**Activity**
Retype the data that follows exactly. No pictures belong in the copy.

**Supplied data**
/---

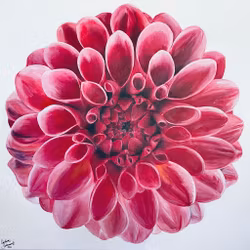 "Mandahlia" tavla akryl på canvas 90x90 cm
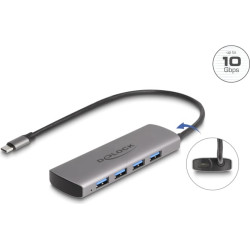 Delock USB 10 Gbps 4 Port USB Type-A Hub with USB Type-C™ connector and additional power port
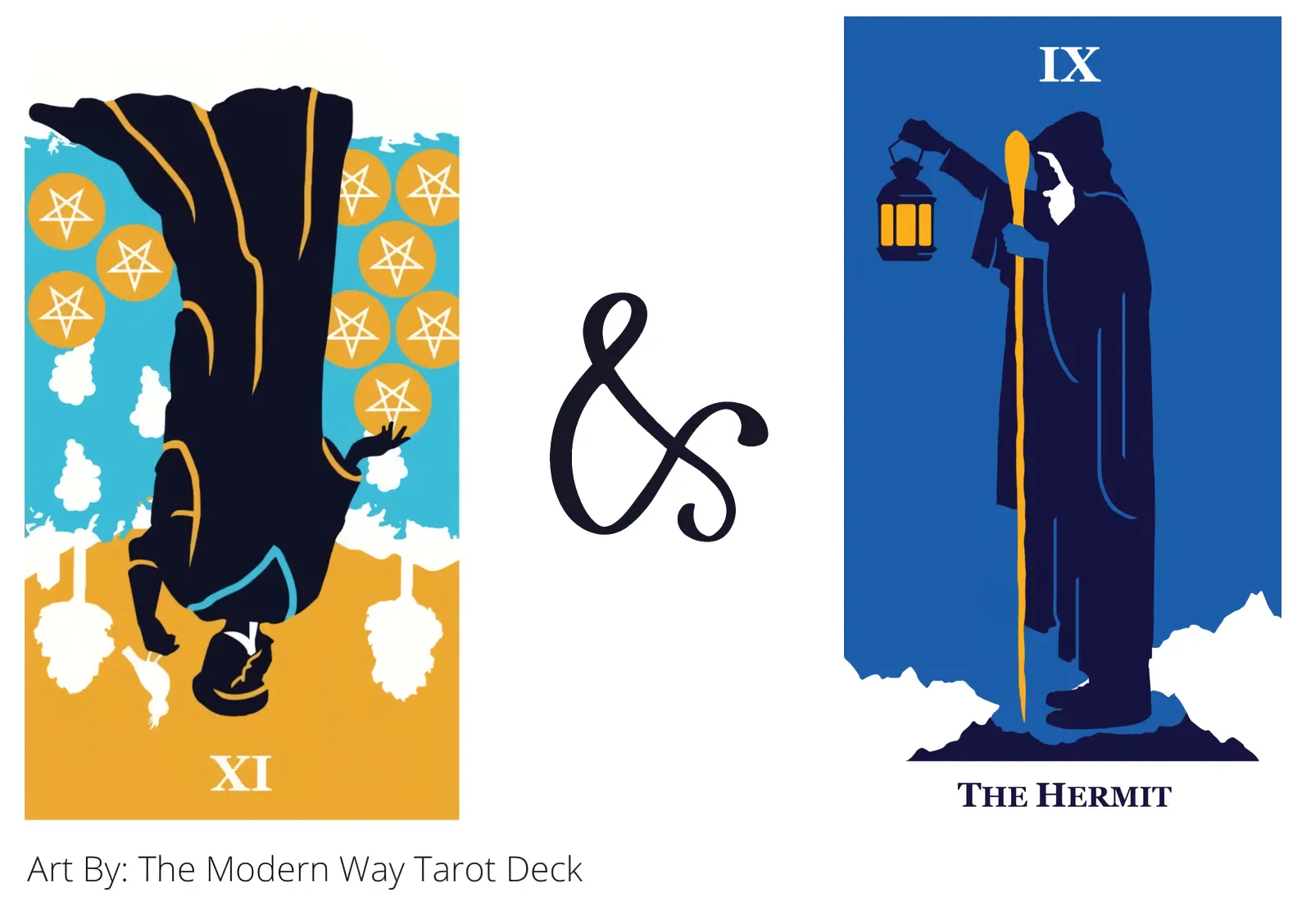 nine of pentacles reversed and the hermit tarot cards together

\---

**The answer**
 "Mandahlia" tavla akryl på canvas 90x90 cm
 Delock USB 10 Gbps 4 Port USB Type-A Hub with USB Type-C™ connector and additional power port
 nine of pentacles reversed and the hermit tarot cards together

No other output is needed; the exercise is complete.